If this is the case, we need to review the chronology of human evolution, with A. anamensis 4.2 to 3.8 million years ago, and A. afarensis from 3.9 to 3 million years old. This would imply that the two species overlap for at least 100,000 years, making it impossible A. afarensis have evolved gradually from a single ancestral group. In fact, it is becoming increasingly evident that most species in our evolutionary line have probably evolved by branching from existing groups.

The human line

The new discovery also challenges the idea that Lucy's species is the ancestor of all future generations. Australopithecus the hominins, which eventually led to the man.

MRD.
Jennifer Taylor, courtesy of the Cleveland Museum of Natural History. Photograph of Dale Omori and Liz Russell

A vertically straight curvature and a sharp increase in the cheekbone is traditionally considered a relatively modern feature. C & # 39; was present in Australopithecus africanus (3.7m-2.1m years ago) in southern Africa, considered by some as a direct ancestor of the Homo lineage) and in Paranthropus (2.7 to 1.2 million years ago from southern and eastern Africa, not directly on our evolutionary line).

The opposite condition – a low and arched cheekbone – is considered primitive and is shared between A. afarensis, Ardipithecus ramidus (There are between 4.3m and 4.5m years from Ethiopia, a primitive hominin more like a monkey) and African monkeys.
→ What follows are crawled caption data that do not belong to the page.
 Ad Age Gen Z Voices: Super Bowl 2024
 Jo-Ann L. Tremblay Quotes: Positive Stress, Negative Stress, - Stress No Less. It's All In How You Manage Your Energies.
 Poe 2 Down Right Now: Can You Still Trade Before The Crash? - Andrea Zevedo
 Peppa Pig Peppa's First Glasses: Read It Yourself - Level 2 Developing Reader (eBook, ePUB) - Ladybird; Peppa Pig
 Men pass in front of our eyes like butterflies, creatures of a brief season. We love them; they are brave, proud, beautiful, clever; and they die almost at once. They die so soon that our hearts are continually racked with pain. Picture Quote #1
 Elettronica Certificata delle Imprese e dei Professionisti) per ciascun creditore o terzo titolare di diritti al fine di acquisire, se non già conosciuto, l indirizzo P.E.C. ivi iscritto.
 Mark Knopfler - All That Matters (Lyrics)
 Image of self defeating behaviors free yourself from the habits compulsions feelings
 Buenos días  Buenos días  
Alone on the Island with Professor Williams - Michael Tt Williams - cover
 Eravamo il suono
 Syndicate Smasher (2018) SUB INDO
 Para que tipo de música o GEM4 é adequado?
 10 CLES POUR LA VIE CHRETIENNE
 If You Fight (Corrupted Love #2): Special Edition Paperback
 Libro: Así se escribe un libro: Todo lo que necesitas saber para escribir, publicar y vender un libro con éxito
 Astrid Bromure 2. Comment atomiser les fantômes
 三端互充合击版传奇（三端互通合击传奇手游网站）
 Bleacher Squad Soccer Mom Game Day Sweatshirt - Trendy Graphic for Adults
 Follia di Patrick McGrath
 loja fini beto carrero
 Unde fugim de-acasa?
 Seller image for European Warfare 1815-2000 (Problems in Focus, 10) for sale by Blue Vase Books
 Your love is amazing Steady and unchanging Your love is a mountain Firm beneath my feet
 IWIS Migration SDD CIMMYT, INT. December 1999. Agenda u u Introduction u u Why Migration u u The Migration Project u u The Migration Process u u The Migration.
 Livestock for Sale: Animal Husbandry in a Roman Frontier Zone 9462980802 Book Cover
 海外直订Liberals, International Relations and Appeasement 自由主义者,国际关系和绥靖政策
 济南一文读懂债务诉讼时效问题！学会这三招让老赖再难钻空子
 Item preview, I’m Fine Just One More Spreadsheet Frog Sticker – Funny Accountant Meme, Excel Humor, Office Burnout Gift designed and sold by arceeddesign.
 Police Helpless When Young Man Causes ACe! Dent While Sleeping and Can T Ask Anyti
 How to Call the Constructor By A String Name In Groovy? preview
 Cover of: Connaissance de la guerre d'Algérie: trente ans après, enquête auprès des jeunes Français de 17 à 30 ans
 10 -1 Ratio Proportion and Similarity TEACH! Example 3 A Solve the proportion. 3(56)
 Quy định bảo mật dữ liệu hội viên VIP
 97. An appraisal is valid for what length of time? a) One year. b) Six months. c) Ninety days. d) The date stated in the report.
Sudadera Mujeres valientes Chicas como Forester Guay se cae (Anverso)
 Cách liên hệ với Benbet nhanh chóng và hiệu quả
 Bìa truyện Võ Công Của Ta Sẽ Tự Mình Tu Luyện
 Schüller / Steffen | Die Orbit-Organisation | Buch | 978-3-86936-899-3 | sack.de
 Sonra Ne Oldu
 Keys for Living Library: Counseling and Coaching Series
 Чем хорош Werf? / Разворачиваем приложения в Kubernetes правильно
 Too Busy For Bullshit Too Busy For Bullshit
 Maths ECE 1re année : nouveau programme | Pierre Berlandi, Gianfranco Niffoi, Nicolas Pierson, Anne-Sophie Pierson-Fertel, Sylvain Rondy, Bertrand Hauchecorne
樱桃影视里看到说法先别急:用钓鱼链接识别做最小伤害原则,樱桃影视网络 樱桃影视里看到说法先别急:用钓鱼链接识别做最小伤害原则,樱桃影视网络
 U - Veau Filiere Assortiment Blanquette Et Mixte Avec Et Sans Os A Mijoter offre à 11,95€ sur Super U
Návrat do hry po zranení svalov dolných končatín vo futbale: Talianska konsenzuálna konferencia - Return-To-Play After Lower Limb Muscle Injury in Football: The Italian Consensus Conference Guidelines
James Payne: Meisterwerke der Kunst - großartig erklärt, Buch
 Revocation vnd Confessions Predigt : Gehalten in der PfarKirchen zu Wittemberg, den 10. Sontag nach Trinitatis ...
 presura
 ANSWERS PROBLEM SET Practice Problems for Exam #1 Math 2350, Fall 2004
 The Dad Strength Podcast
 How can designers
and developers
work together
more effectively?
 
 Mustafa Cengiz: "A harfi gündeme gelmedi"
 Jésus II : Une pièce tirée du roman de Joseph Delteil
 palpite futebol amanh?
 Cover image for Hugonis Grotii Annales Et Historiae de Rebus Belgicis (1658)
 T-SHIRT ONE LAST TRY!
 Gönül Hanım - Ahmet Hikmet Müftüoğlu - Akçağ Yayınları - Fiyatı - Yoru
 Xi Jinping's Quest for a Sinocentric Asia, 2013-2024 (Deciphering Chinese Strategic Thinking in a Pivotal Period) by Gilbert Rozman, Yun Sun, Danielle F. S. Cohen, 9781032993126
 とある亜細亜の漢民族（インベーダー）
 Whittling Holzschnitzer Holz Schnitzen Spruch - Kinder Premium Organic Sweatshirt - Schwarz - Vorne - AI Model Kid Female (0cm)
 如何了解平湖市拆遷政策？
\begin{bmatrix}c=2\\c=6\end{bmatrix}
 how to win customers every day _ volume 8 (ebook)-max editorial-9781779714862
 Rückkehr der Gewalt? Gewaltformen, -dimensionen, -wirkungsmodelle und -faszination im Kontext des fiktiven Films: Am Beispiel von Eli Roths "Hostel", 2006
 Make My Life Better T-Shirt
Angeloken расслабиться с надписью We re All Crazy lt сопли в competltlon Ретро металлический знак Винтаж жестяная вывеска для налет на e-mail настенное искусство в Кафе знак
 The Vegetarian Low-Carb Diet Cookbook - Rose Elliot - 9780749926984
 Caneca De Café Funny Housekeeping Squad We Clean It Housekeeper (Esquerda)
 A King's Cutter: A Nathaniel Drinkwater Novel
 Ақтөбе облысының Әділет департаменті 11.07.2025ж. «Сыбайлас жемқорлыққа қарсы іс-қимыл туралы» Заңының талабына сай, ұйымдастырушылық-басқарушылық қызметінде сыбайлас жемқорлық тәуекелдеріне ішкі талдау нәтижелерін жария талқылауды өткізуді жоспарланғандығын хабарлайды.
The crest of the MRD skull, which is surprisingly modern, now defies this view. It also opens the possibility that the long-standing idea of A. afarensis as the ancestor of all later Australopithecus groups may have been wrong, and that place A. anamensis is the ancestor of these younger species. The first hominin, direct ancestor of the man, remains an unanswered question.

It is clear that this latest discovery has brought new information about our evolutionary past, but has also increased the complexity of the relationship between ancient hominins. The Middle Pliocene (between 5.3 and 2.6 million years) is full of multiple, contemporary and geographically extensive species.

Clarifying the relationships between these species, confidently characterizing their morphology and deciphering the complex and complex history of hominin evolution is not an easy task. The specimens of each new site capture a different point in the evolutionary trajectory, but it is difficult to convert these results into stable and reliable branches on an evolving tree.

More specimens from epochs and geographical locations that are currently underrepresented in the fossil record could help solve these problems, but could also upset everything we know.

The discoveries made around the world over the past decade have led to a complete rethinking of our evolutionary past. This shows that the new fossils do not always corroborate the existing hypotheses and that we must be ready to modify our points of view and formulate new theories on the basis of the available evidence.